In terms of memory, GTX 2070 will also use GDDR6, as it means the same boards can be the same for the 2070 and 2080. Slightly lower clockspeeds for the RAM are also typical, or perhaps Nvidia will disable one of the memory interfaces (eg, 12GB of GDDR6 with a 192-bit interface). The new parts shouldn't have less memory than the current generation, so either 12GB or 16GB is likely. Expect initial prices to be in the $450-$500 range.
Will there be an RTX 2080 Ti or RTX Titan card?
Almost certainly, though whether it launches sooner or later remains unknown. The Titan V exists, but it's in a different category and lacks the RT cores. Titan V will remain an option for machine learning and artificial intelligence, but a new RTX Titan should eventually displace it with similar performance plus improved ray-tracing performance, and maybe even a lower price.
Nvidia has already discussed the Quadro RTX 6000 and 8000, which use a massive die—it's nearly as large as the GV100. Building an RTX Titan that has similar specs to the Quadro RTX 6000 but without a few of the Quadro features (like professional drivers for CAD/CAM applications) makes sense.

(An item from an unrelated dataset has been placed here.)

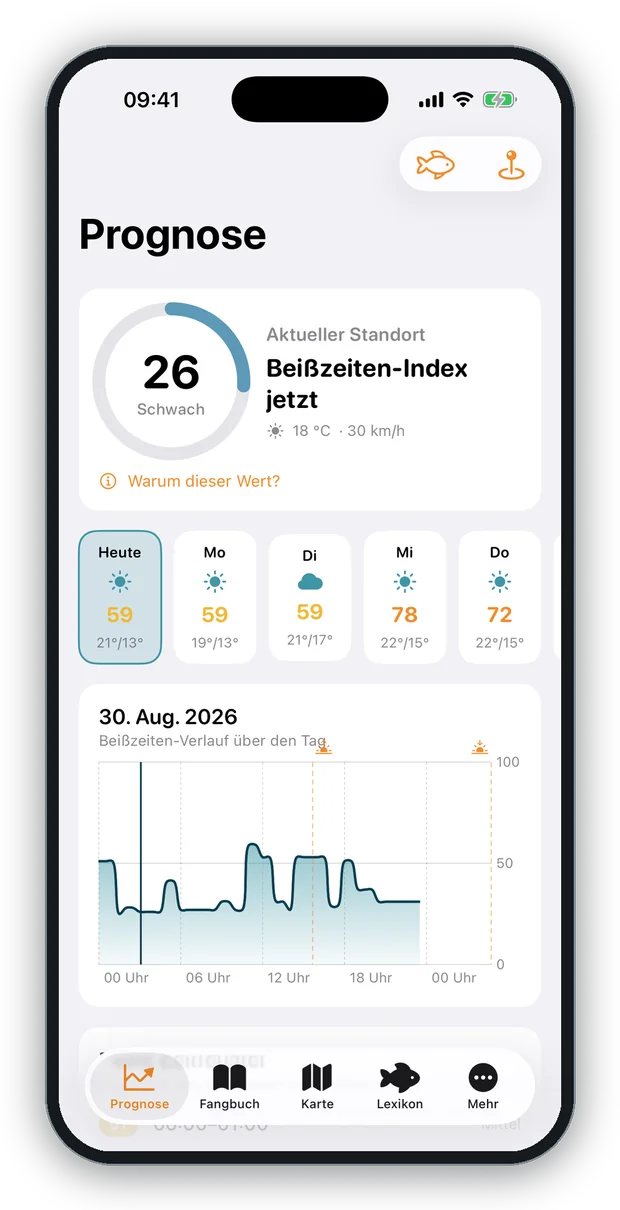 Bildschirmfoto: die Prognose mit Beißzeiten-Index, Wochenübersicht und Tagesverlauf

Having an RTX Titan with 24GB GDDR6 priced at $1,499 that outperforms the Titan V will make the extreme pricing seem almost justifiable. And with NVLink, SLI support can still happen, something the Titan V lacks.
The Quadro RTX cards aren't slated to begin shipping until Q4 2018, which admittedly is only six weeks away at this point. Keeping a new Titan in the wings for a spring refresh would be in line with Nvidia's past behavior, and there's not much room to go bigger than the 4,608 core Turing design without a shrink to 10nm or even 7nm. The 1080 and 1070 have been around for over two years, and it will probably be more than two years before the 20-series parts get replaced, so Nvidia needs pace its rollout of new hardware.
Could an RTX 2080 Ti or RTX Titan launch in 2018? Yes. And the naming, RT cores, and other surprise elements of the upcoming 20-series parts prove that Nvidia is willing to diverge from past behavior. If and when the new extreme performance RTX 2080 Ti and Titan cards become available, I expect them to cost quite a bit more than the existing GTX 1080 Ti and Titan Xp.